いつまでもクローゼットの中に隠れているわけにもいかず、意を決して外に出た。ズボンを履いて――
そして、階段の下に彼女が倒れているのに気付いた。
救急車を呼ぶべきだったが、自分のことをどう説明すればいいのか? わからなかった。それでそのままその場に立ち尽くしていた。
* * *
と、玄関の鍵が開く音がした。咄嗟に再びクローゼットに隠れる。
誰が入ってきたのか? それはわからない。いや、自分は顔がわからない。仮に入ってきた人物の顔を見たとしても誰だかわからないだろう。
クローゼットの中で観念していた。入ってきた人物は救急車を呼ぶだろう。ひょっとしたら警察を呼ぶかもしれない。それでクローゼットの中にいる私はどうなるのだろうか? 間抜けな間男であることを白状するしかないだろう。

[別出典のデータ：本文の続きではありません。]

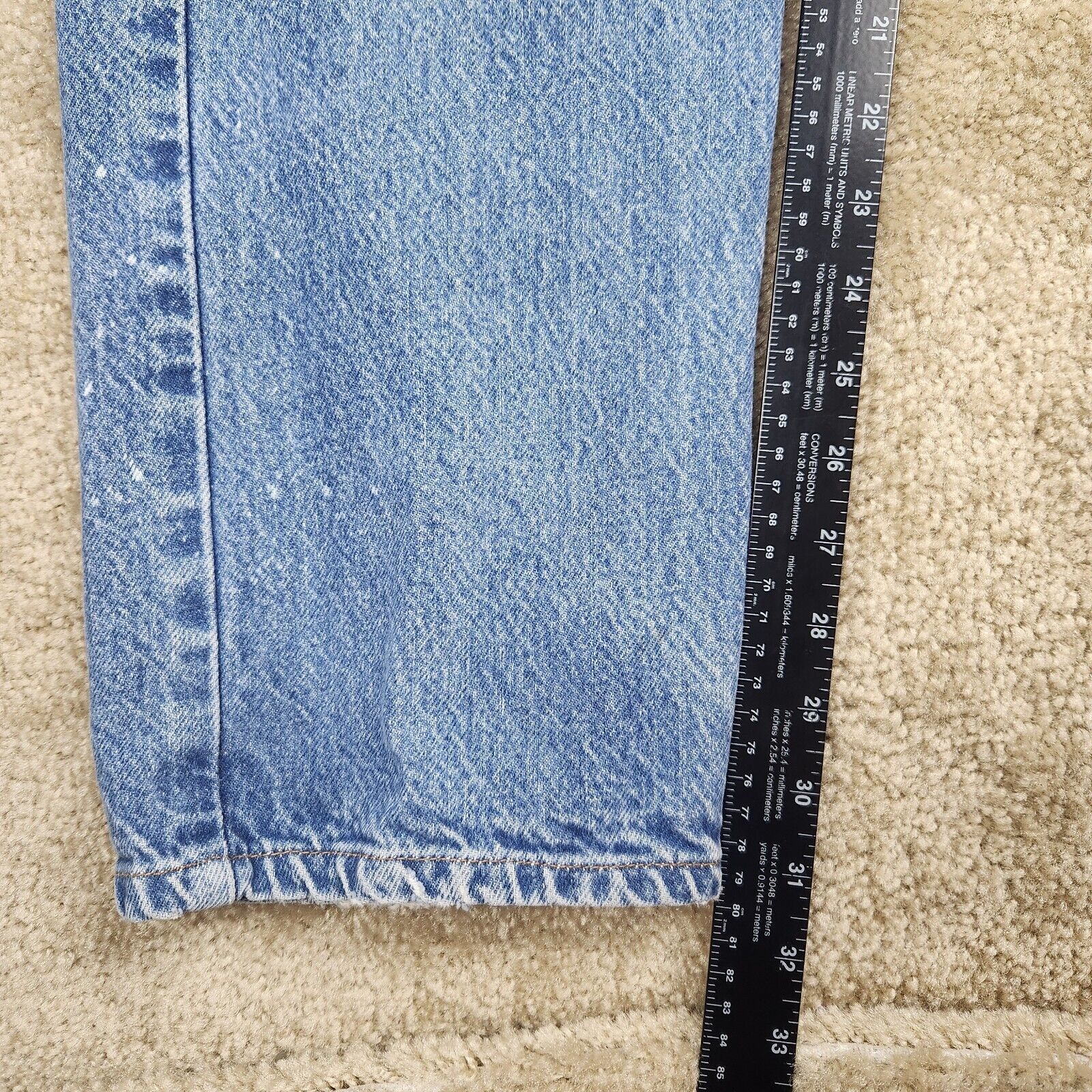 Levi's Levi's 505 Orange Tab Jeans Mens 38x32 (37x31) Denim 1994 Size US 38 / EU 54 - 13 Thumbnail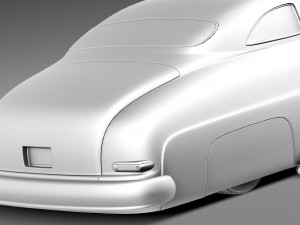 Mercury Coupe 1950 Led Sled Custom 3D Model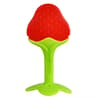 Soft Silicone Strawberry  GrapeShape Baby Teether Ring 8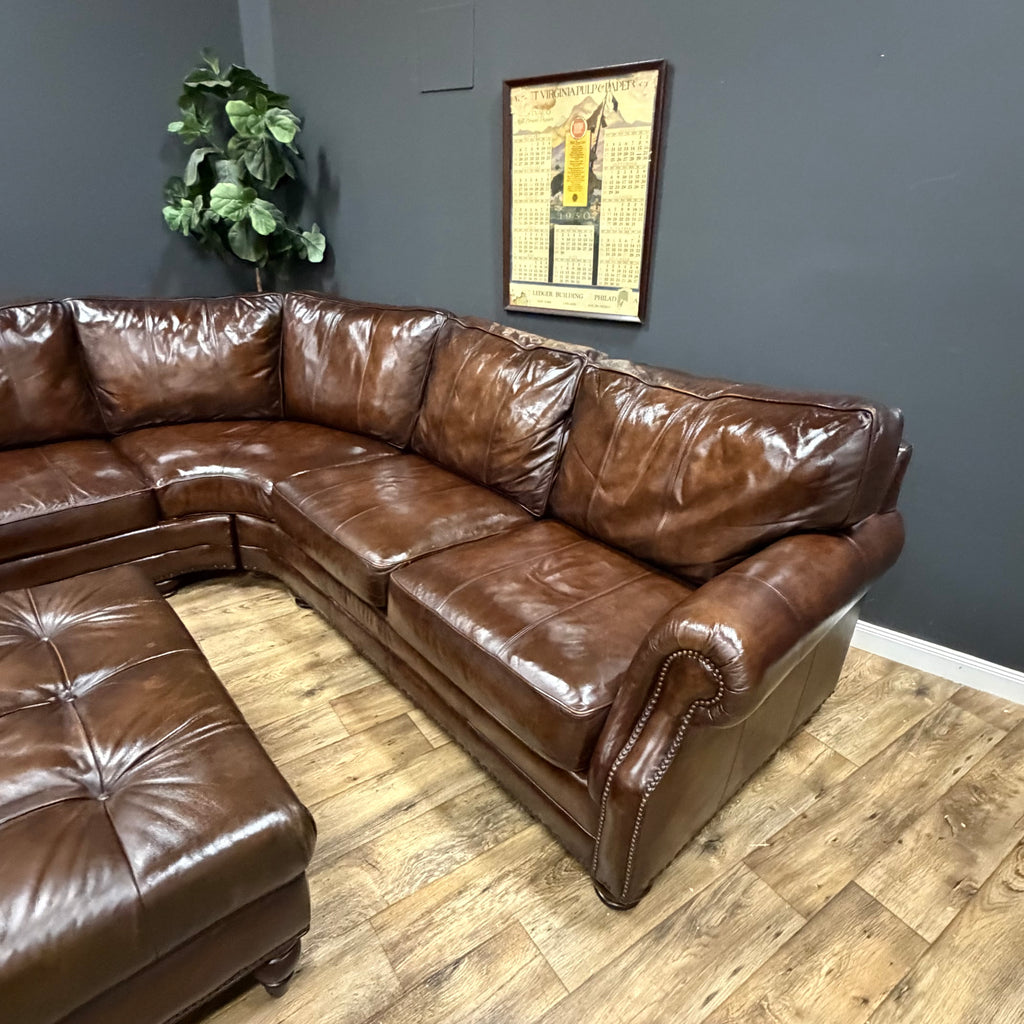 Bernhardt Leather Sectional Sofa
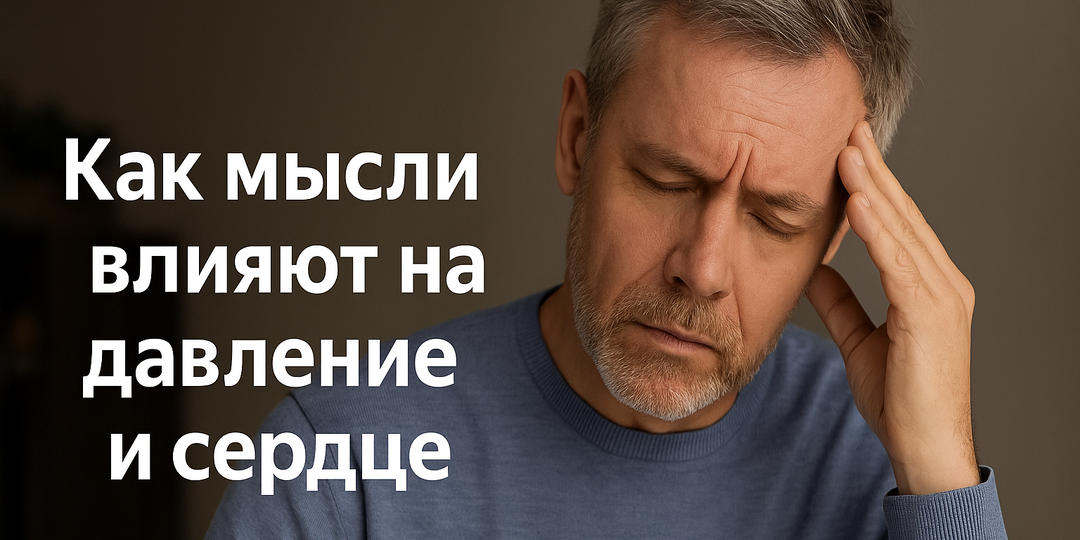 Как мысли влияют на давление и сердце?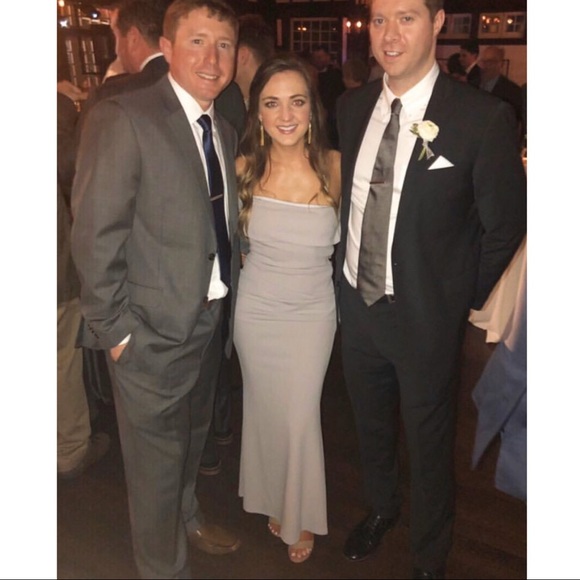 Katie May Titan One-Shoulder Cutout Crepe Gown 4 - Picture 6 of 7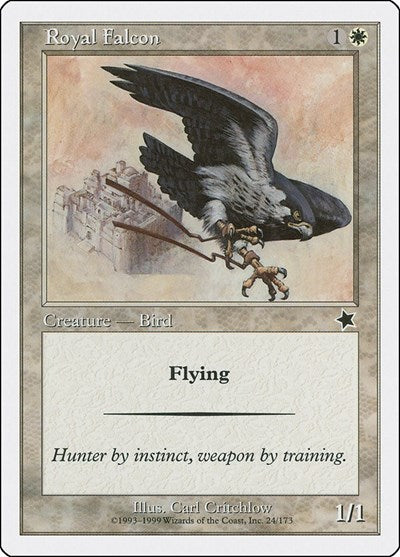 Royal Falcon (S99) #24 Common (Lightly Played) Starter 1999 Magic: The Gathering: 1999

その人物はクローゼットの近くまで来たようだった。音しか聞こえないが、ウロウロと歩き回っている。
「パパ、……助けて……」そう声がはっきり聴こえた。「勝男です。姉さんが……」
どうやら勝男が父親に電話しているらしかった。
「姉さんが死んでるかもしれない」勝男の声は狼狽していた。
「違う……。僕は殺してなんかいない……。僕じゃない……」
勝男はクローゼットの近くをウロウロしながら電話を続けていた。
「……助けて……。パパ、助けて……。違う。僕じゃない。僕は殺してはいない。僕じゃないって!」
そう声が聴こえたが、やがて静かになった。
どれだけ時間が経っただろうか? 私はクローゼットの中でただじっとしていた。そうするしか仕方がなかった。
しかし、いつまでも隠れているわけにもいかなかった。どうしようもないので、私は覚悟を決めてクローゼットの外に出た。
そして――
私が見たのは首のない彼女の死体だった……
その時、私に何ができたのだろう……
やるべきことは警察に電話することだったのだろうが……
私にはそれができなかった。状況を説明できるはずもなかった……
読者がどう思うか? それはわからないが、少なくともその時に私には警察に電話する選択肢はなかった。
呆然とその首無し死体を眺めていた。しばらく前は首があったその死体を眺めていた。
確実に思ったのは――
首を切断したのは勝男だ、ということだ。
――勝男にだけは近づくな――
母が最期に残したその言葉が頭の中で繰り返されていた。